Hey guys, I am currently building a new house in which I have factored in a theatre room (forgive me, I am Australian so we measure in meters) 6m long x 4.5m wide. I would like to run two rows of seating if possible, just not sure if the room would be sizeable for that. I have just purchased a Yamaha aventage rxa2020 receiver, and a 5.1 paradigm reference speaker pack, studio 60 mains, cc590 centre, adp590 rears and seismic 110 subwoofer. I was told by the store that this is pretty good stuff and was made in Canada, I'm not sure as I just take the shops advise. Getting back to my question, I read a lot in this app of people running 7.1/7.2, is this something I should be doing or is that just overkill for the size room I have. Thanks guys your opinions would be extremely helpful.


----------



## bpape (Sep 14, 2006)

6m would be OK. It's a bit tight but doable. 

No reason you can't do 7.1 or 7.2 in that room at all.


----------



## Heath Cunningham (Jun 28, 2014)

bpape said:


> 6m would be OK. It's a bit tight but doable. No reason you can't do 7.1 or 7.2 in that room at all.

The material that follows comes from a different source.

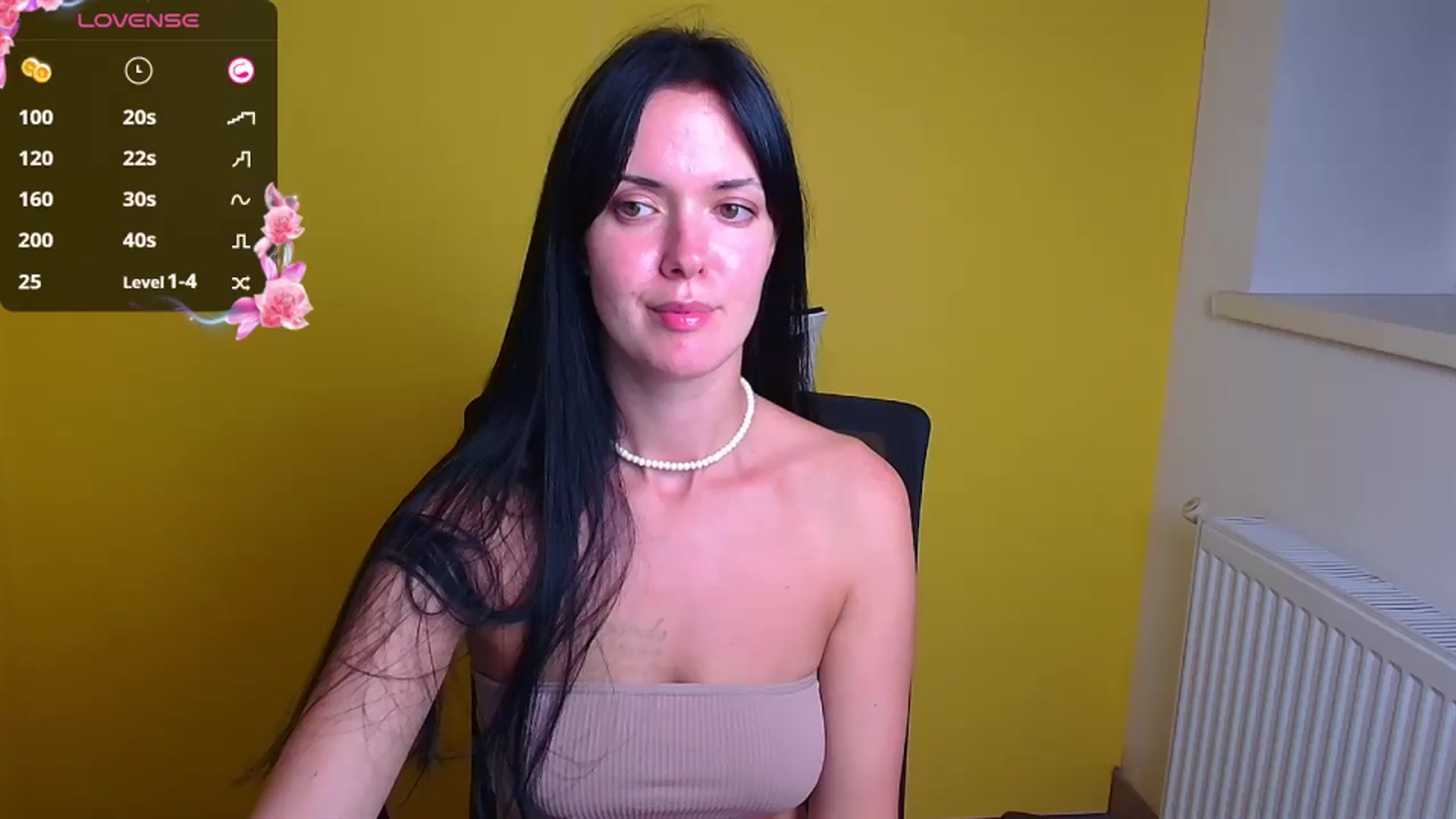 Gallery image thumbnail from Black_Red's myfreecams stream on, 09/14/2024, 17:41 image 1 of 20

thanks mate, I'm thinking I'm going to invest in two more rears, seems to be the way to go


----------



## cowboyofclubs (Apr 2, 2014)

Heath Cunningham said:


> Hey guys, I am currently building a new house in which I have factored in a theatre room (forgive me, I am Australian so we measure in meters) 6m long x 4.5m wide. I would like to run two rows of seating if possible, just not sure if the room would be sizeable for that. I have just purchased a Yamaha aventage rxa2020 receiver, and a 5.1 paradigm reference speaker pack, studio 60 mains, cc590 centre, adp590 rears and seismic 110 subwoofer. I was told by the store that this is pretty good stuff and was made in Canada, I'm not sure as I just take the shops advise. Getting back to my question, I read a lot in this app of people running 7.1/7.2, is this something I should be doing or is that just overkill for the size room I have. Thanks guys your opinions would be extremely helpful.


G'day. Aussie here too. I think setting up for 7.1 would be a good idea. I did and my room is only 2.7 wide and 5.0 long. Running 5.1 but prewired. 
As for seating. If I can fit 2 rows I am sure u can too. Have placed back row 500mm off back wall and the back of front row is 2.9m from screen. I am using a 110" screen and the front row is great to watch from. Sing out if u need any local advice. I am in Victoria. Cheers


----------



## Heath Cunningham (Jun 28, 2014)

cowboyofclubs said:


> G'day. Aussie here too. I think setting up for 7.1 would be a good idea. I did and my room is only 2.7 wide and 5.0 long. Running 5.1 but prewired. As for seating. If I can fit 2 rows I am sure u can too. Have placed back row 500mm off back wall and the back of front row is 2.9m from screen. I am using a 110" screen and the front row is great to watch from. Sing out if u need any local advice. I am in Victoria. Cheers


thanks chief, yeah I'm a Vic boy too hahaha pakenham


----------



## cowboyofclubs (Apr 2, 2014)

Heath Cunningham said:


> thanks chief, yeah I'm a Vic boy too hahaha pakenham


Ballarat for me. Got both sides of the city covered.


----------



## Heath Cunningham (Jun 28, 2014)

cowboyofclubs said:


> Ballarat for me. Got both sides of the city covered.


hahaha


----------



## Owen Bartley (Oct 18, 2006)

Heath, at least run the wires for 7.2 (or more) so you can always add the speakers later if you want. If you're in the construction phase now, its still relatively cheap and easy to add some wire and a couple of wall jacks.


----------



## Lulimet (Apr 4, 2014)

6m is roughly 20ft. Perfect candidate for a 7.1 system. Go for it.


----------



## Heath Cunningham (Jun 28, 2014)

Hey guys, plans and permits have been accepted start the build in two weeks, getting excited, thought I would start the thread and get you guys involved as I build my dream room


----------



## Tonto (Jun 30, 2007)

I get the feeling Dolby Atmos will be with us for a while. You might consider wiring for the ceiling speakers while you at it. Would be cheap during construction. Then add speakers later if you want. I'm really liking the 7.1.4 set up personally.


----------



## Heath Cunningham (Jun 28, 2014)

Tonto said:


> I get the feeling Dolby Atmos will be with us for a while. You might consider wiring for the ceiling speakers while you at it. Would be cheap during construction. Then add speakers later if you want. I'm really liking the 7.1.4 set up personally.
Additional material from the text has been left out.